Incomplete specimens in geometric morphometric analyses



  1. The analysis of morphological diversity frequently relies on the use of multivariate methods for characterizing biological shape. However, many of these methods are intolerant of missing data, which can limit the use of rare taxa and hinder the study of broad patterns of ecological diversity and morphological evolution. This study applied a mutli-data set approach to compare variation in missing data estimation and its effect on geometric morphometric analyses across taxonomically variable groups, landmark position and sample sizes.
  2. Missing morphometric landmark data were simulated from five real, complete data sets, including modern fish, primates and extinct theropod dinosaurs. Missing landmarks were then estimated using several standard approaches and a geometric-morphometric-specific method. The accuracy of missing data estimation was determined for each estimation method, landmark position and morphological data set. Procrustes superimposition was used to compare the eigenvectors and principal component scores of a geometric morphometric analysis of the original landmark data, to data sets with A) missing values estimated, or B) simulated incomplete specimens excluded, for varying levels of specimens incompleteness and sample sizes.

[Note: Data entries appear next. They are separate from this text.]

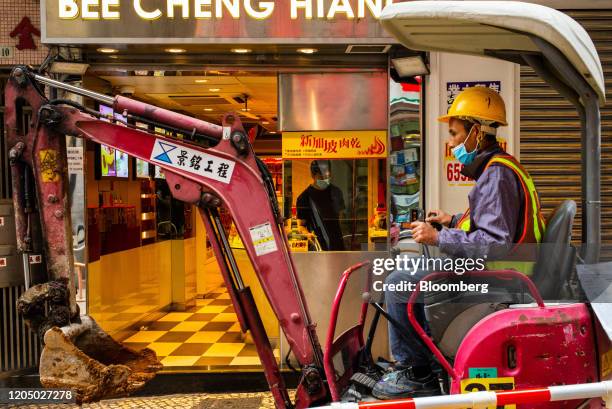 Construction worker wearing a protective mask sits on a mini excavator in front of a Bee Cheng Huang store at Senado Square in Macau, China, on...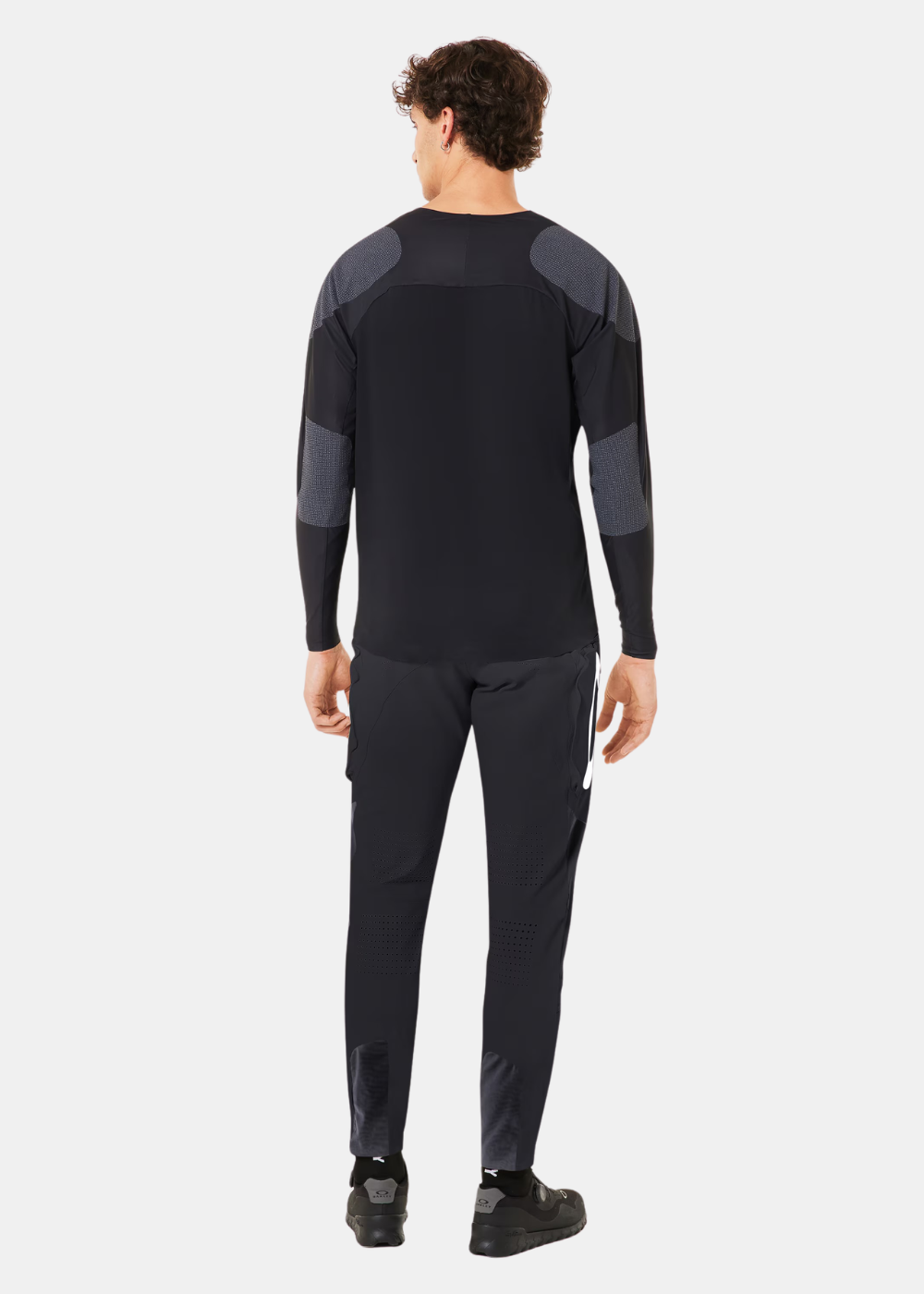 Mannequin de dos en extérieur portant l'ensemble technique Oakley Seeker Edge noir et gris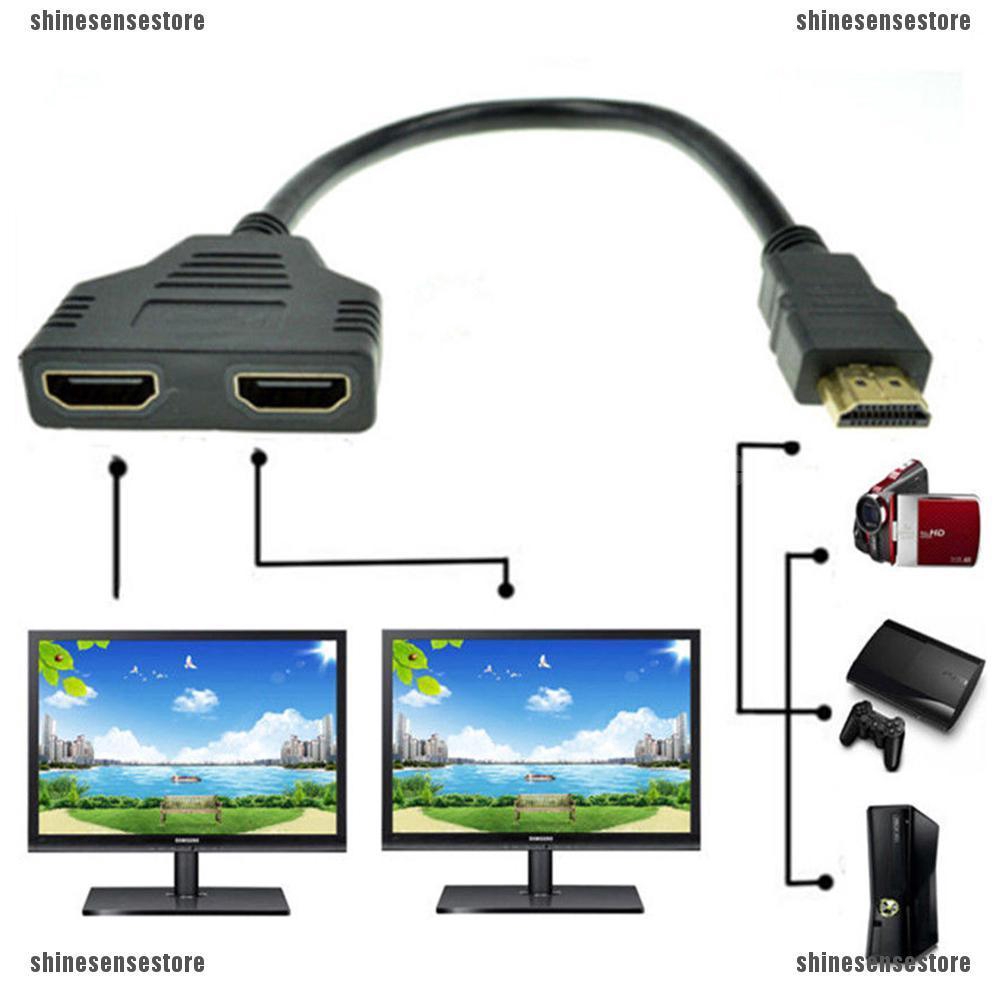 ภาพหน้าปกสินค้าอะแดปเตอร์แปลงสายเคเบิ้ล 1080P HDMI Port Male to 2Female 1 In 2 Out Splitter จากร้าน shinesensestore.th บน Shopee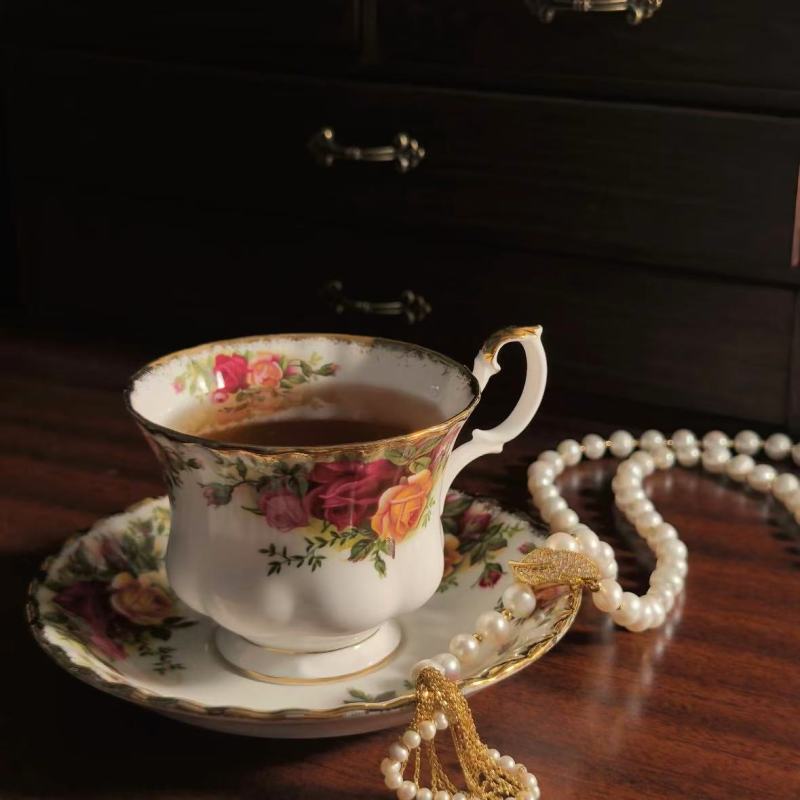 Elegant Porcelain Tea Set with Floral Design and Gold Trim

  3. Standard estimation techniques were more reliable estimators and had lower impacts on morphometric analysis compared with a geometric-morphometric-specific estimator. For most data sets and estimation techniques, estimating missing data produced a better fit to the structure of the original data than exclusion of incomplete specimens, and this was maintained even at considerably reduced sample sizes. The impact of missing data on geometric morphometric analysis was disproportionately affected by the most fragmentary specimens.

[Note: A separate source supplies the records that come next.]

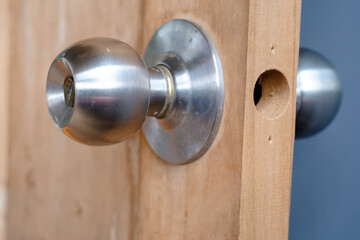 Stainless doorknob and keyhole on old wooden door, Macro shot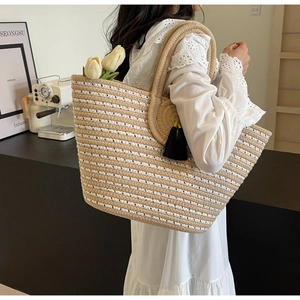 Detail of the large straw woven tote bag featuring beige stripes and a black tassel charm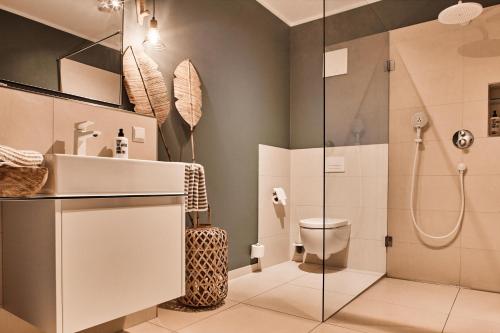 a bathroom with a shower and a toilet and a sink at Luxus Ferienwohnung Beach Style, traumhafter Seeblick in Fulda
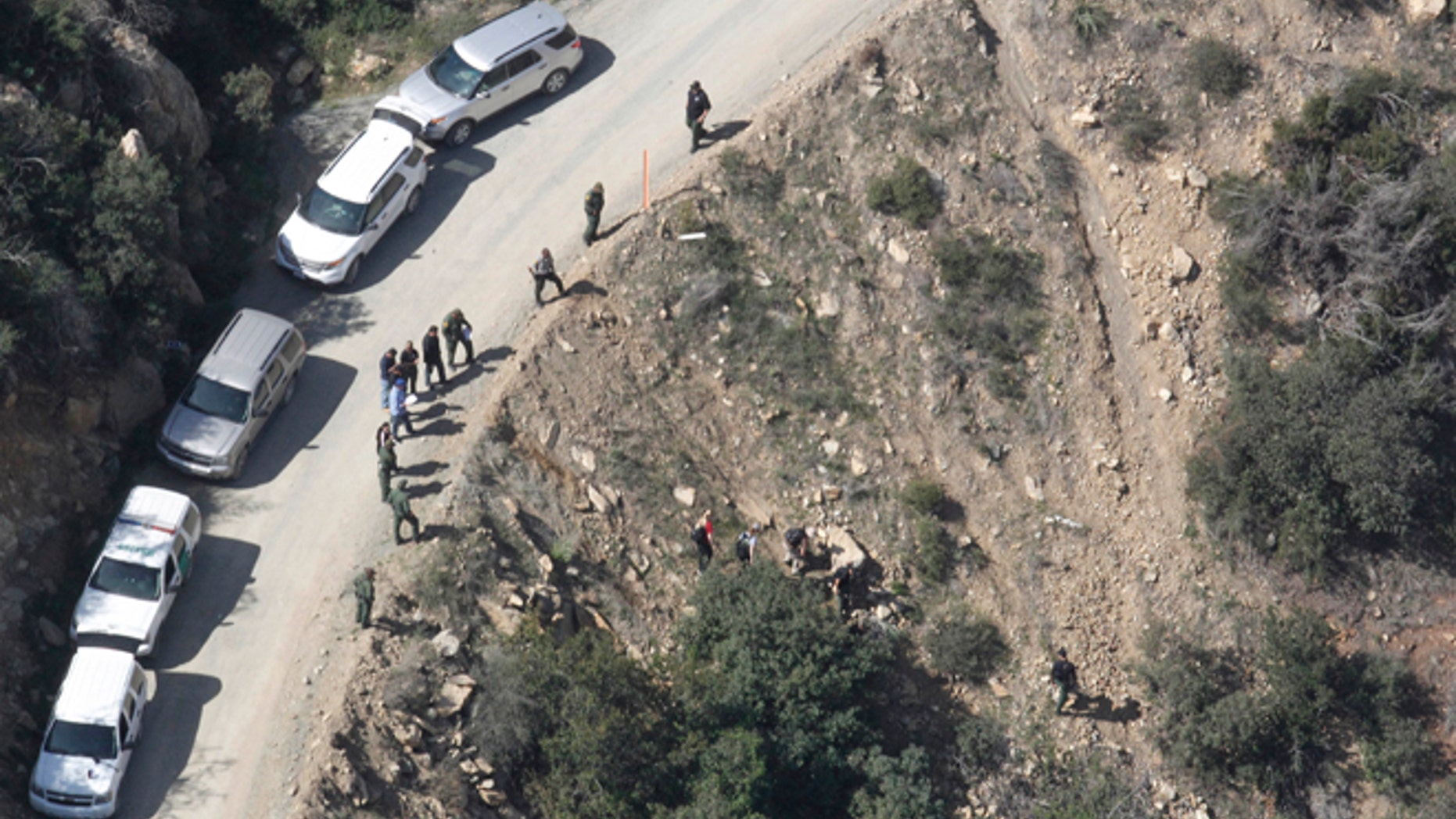 This aerial photo shows the scene of a shooting by a U.S. Border Patrol agent near San Diego on Tuesday, Feb. 18, 2014. Investigators say a man who was shot and killed by a U.S. Border Patrol agent near San Diego threw several large rocks at the agent, including one the size of a basketball. The San Diego County Sheriff's Department said Wednesday that the attacker began throwing fist-sized rocks at the agent from a hillside perch. The rocks got larger, and one of the bigger pieces hit the agent in the head. The sheriff's department says the agent fired his gun twice Tuesday, fearing that he might be killed or incapacitated if he was hit again. The agent was treated for minor injuries at a hospital and released. (AP Photo/U-T San Diego, John Gibbins) NO SALES; COMMERCIAL INTERNET OUT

  4. Missing data estimation was influenced by variability of specific anatomical features and may be improved by a better understanding of shape variation present in a data set. Our results suggest that the inclusion of incomplete specimens through the use of effective missing data estimators better reflects the patterns of shape variation within a data set than using only complete specimens; however, the effectiveness of missing data estimation can be maximized by excluding only the most incomplete specimens. It is advised that missing data estimators be evaluated for each data set and landmark independently, as the effectiveness of estimators can vary strongly and unpredictably between different taxa and structures.